• **Exercise goal**: The lines from the top of the material through the line with "First, you just" are to be set down exactly. Leave the pictures out.

• **Provided data**:
Start of Block

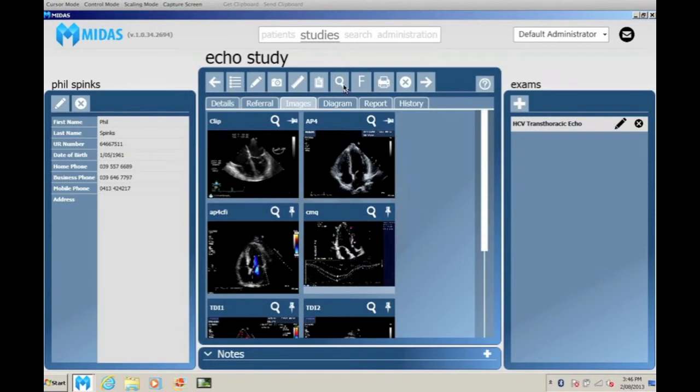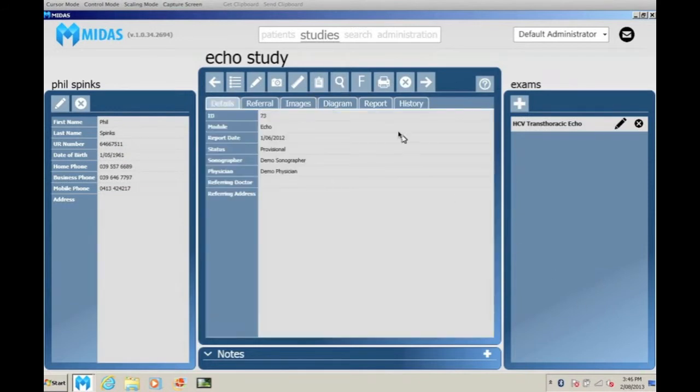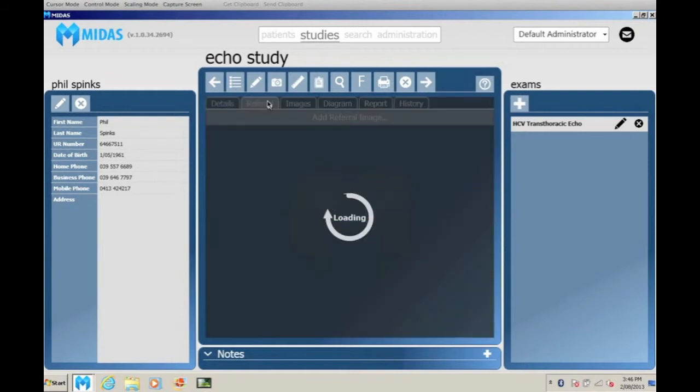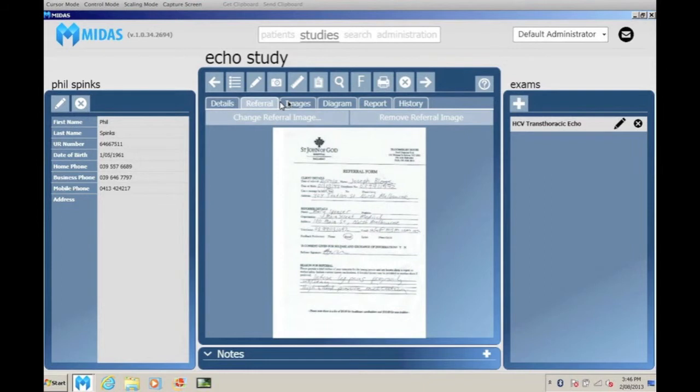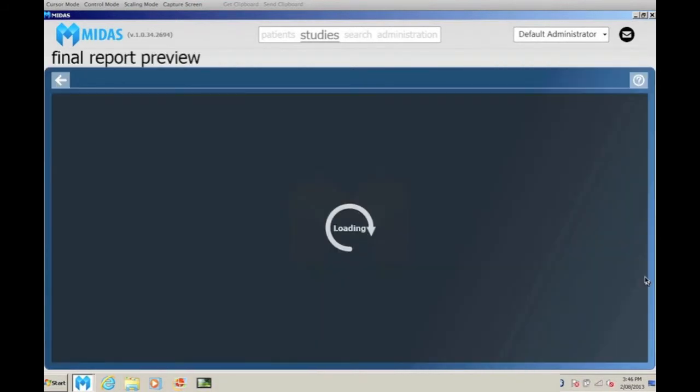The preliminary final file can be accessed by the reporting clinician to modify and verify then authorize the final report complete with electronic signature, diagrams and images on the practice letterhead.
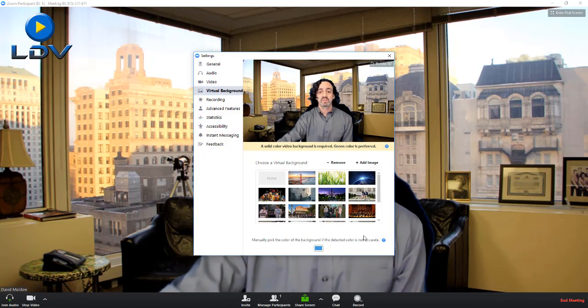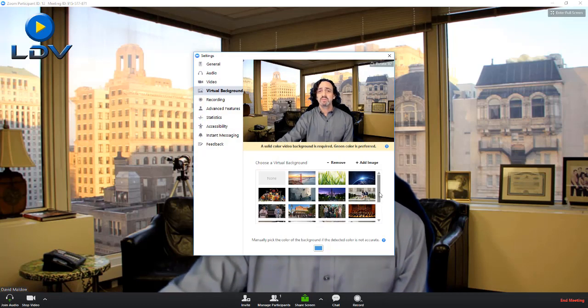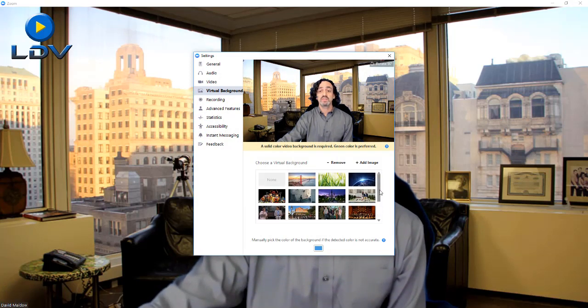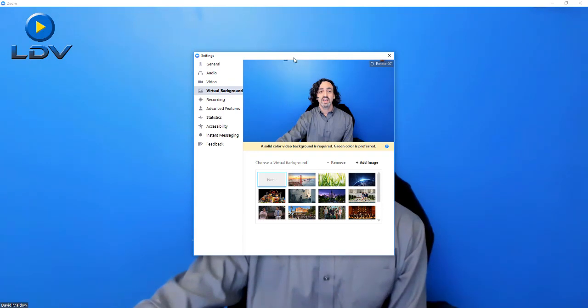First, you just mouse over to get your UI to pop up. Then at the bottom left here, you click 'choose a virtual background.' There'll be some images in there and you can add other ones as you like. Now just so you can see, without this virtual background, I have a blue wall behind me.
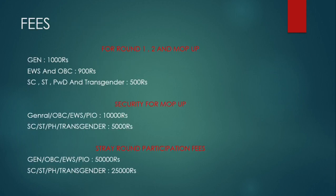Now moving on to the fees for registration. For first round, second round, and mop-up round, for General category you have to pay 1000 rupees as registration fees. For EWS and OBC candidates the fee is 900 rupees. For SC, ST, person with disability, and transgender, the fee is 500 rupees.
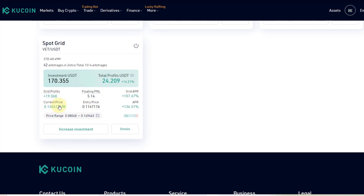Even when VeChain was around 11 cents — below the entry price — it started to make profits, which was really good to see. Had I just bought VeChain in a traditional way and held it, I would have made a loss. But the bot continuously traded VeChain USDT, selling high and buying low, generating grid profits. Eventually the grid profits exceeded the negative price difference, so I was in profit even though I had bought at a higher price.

End of Block

• **Answer for the task**:
The preliminary final file can be accessed by the reporting clinician to modify and verify then authorize the final report complete with electronic signature, diagrams and images on the practice letterhead.
First, you just mouse over to get your UI to pop up. Then at the bottom left here, you click 'choose a virtual background.' There'll be some images in there and you can add other ones as you like. Now just so you can see, without this virtual background, I have a blue wall behind me.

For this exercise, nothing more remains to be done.